SUPPLIED INFORMATION
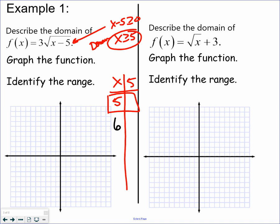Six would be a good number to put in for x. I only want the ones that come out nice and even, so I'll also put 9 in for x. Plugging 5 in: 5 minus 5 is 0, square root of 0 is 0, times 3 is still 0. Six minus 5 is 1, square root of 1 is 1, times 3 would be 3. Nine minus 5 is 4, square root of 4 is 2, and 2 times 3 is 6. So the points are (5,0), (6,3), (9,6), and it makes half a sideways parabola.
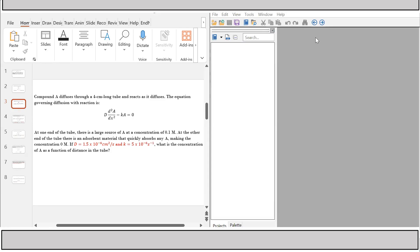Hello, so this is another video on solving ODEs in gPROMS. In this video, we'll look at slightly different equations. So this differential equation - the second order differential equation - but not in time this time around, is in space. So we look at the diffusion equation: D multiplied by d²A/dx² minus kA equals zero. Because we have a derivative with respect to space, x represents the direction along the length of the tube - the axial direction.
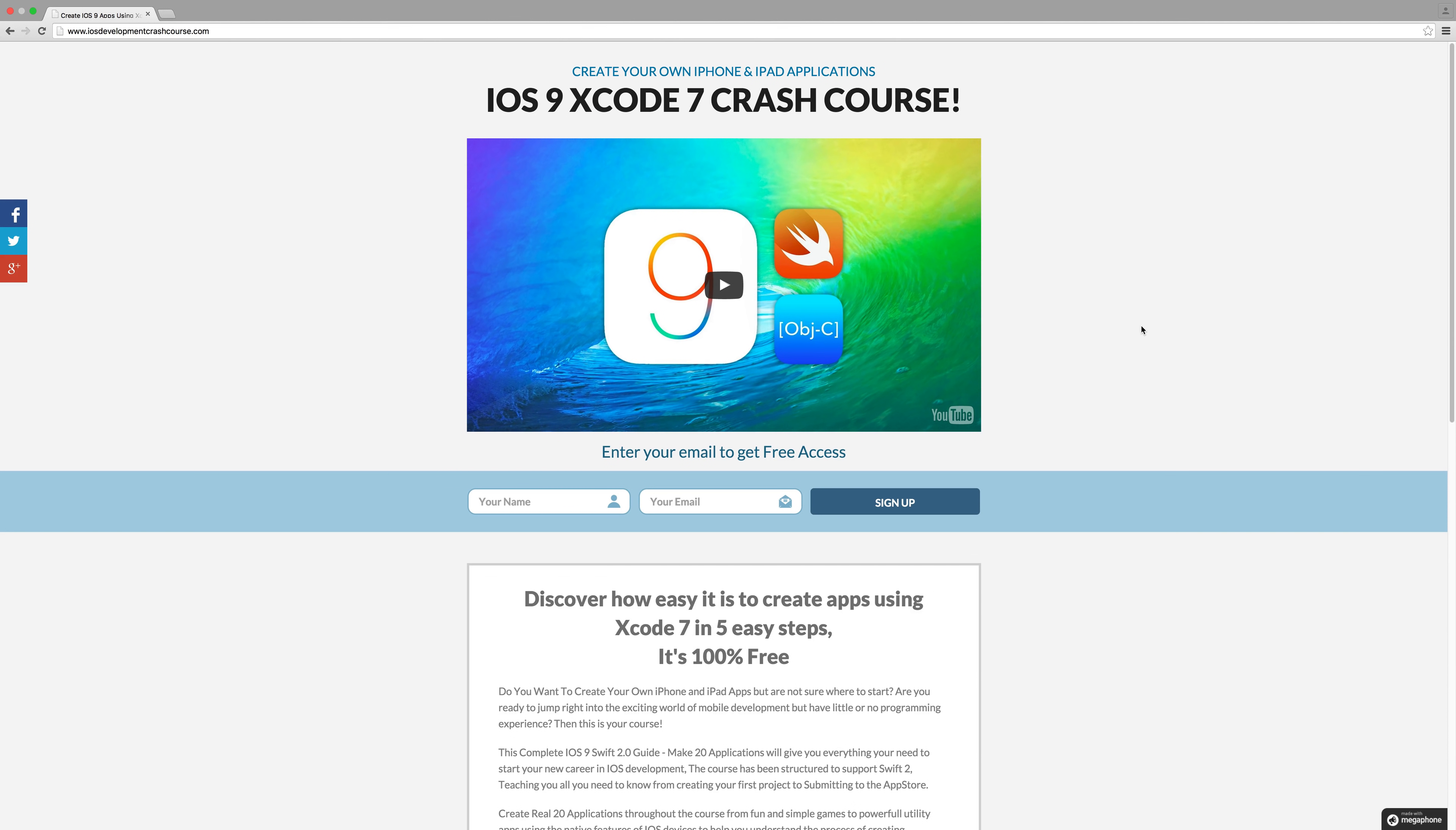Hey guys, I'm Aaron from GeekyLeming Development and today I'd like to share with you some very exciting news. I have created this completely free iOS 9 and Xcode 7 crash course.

DIRECTIONS FOR THIS TASK
Your response must reproduce the listing above word for word and must contain none of its pictures.

SOLUTION BELOW
Six would be a good number to put in for x. I only want the ones that come out nice and even, so I'll also put 9 in for x. Plugging 5 in: 5 minus 5 is 0, square root of 0 is 0, times 3 is still 0. Six minus 5 is 1, square root of 1 is 1, times 3 would be 3. Nine minus 5 is 4, square root of 4 is 2, and 2 times 3 is 6. So the points are (5,0), (6,3), (9,6), and it makes half a sideways parabola.
Hello, so this is another video on solving ODEs in gPROMS. In this video, we'll look at slightly different equations. So this differential equation - the second order differential equation - but not in time this time around, is in space. So we look at the diffusion equation: D multiplied by d²A/dx² minus kA equals zero. Because we have a derivative with respect to space, x represents the direction along the length of the tube - the axial direction.
Hey guys, I'm Aaron from GeekyLeming Development and today I'd like to share with you some very exciting news. I have created this completely free iOS 9 and Xcode 7 crash course.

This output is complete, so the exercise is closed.